1. Portugal the Man – Waiter: You Vultures.
I admire Portugal’s first few albums for having strikingly different textures from each other. They made something impactful with Waiter with a relatively small palette from which paint. Everything from the electronic percussive elements (the vinyl taps in “Stables and Chairs” or the sampled drums in “Tommy”) to the tasty bass lines completely hits home while the songwriting subverts expectation somethin’ clever. See also: It’s Complicated.
2. Coheed & Cambria – Good Apollo, I’m Burning Star IV, Volume 1
It’s worth mentioning I didn’t start listening to music avidly until I began playing bass. It’s the window through which I first got a good look inside the structure of music. Good Apollo was the first record I heard that featured creative bass playing in a genre in which I wanted to write. I’ve probably heard this record more than any other. It’s bells and whistles will forever line my musical bag of tricks.

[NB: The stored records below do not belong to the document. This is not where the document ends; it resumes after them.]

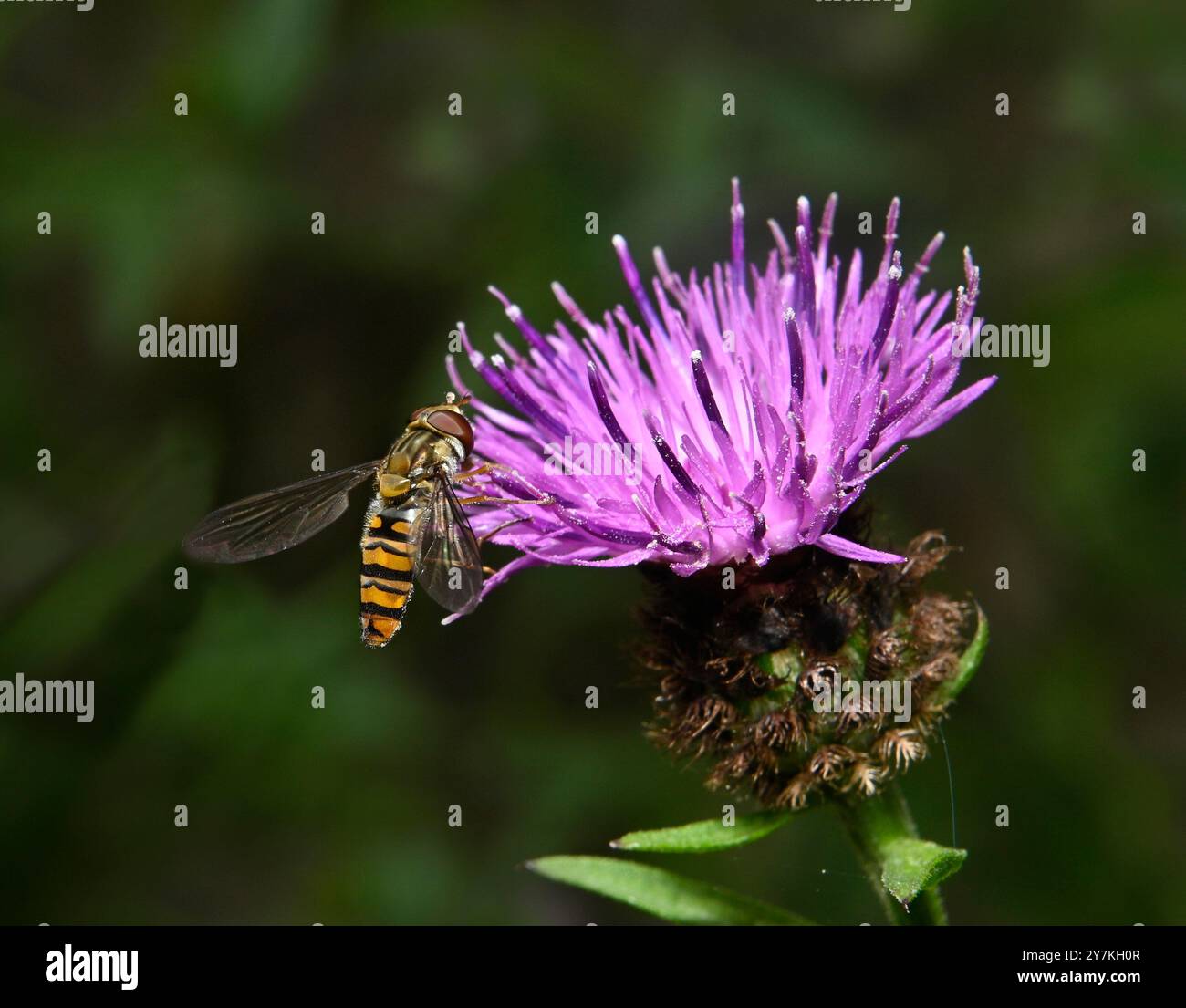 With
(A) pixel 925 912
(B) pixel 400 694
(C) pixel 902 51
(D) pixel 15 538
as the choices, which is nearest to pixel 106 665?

3. Manchester Orchestra – Simple Math
My good friend Michael-Rex Carbonell (@brownmetal) turned me onto Manchester Orchestra last year on tour. I was initially lukewarm toward this release as opposed to Mean Everything to Nothing, but as Rex accurately predicted, this one grew on me with repeat listens. Still haven’t stopped actually. Please send someone to wrest this album from my shaking hands. Just kidding. I can stop whenever I want. No, that’s a lie. This has ruined my family. Help.
4. The pAper chAse – Now You Are One Of Us
You know how you’ll be into a band and a friend goes, “Hey, if you like that, check out this!” And so you do, but maybe it doesn’t quite hit that same spot for you that Band A did. Maybe it misses the mark altogether. I have never found another source for what I like about John Congleton other than John Congleton. It is the soundtrack for anxiety. It is the soundtrack for the soul of the horror genre. It simultaneously knows how evil it is, is scared of how evil it is, and is scared that it even knows how scared it is. Great for parties or family get-togethers.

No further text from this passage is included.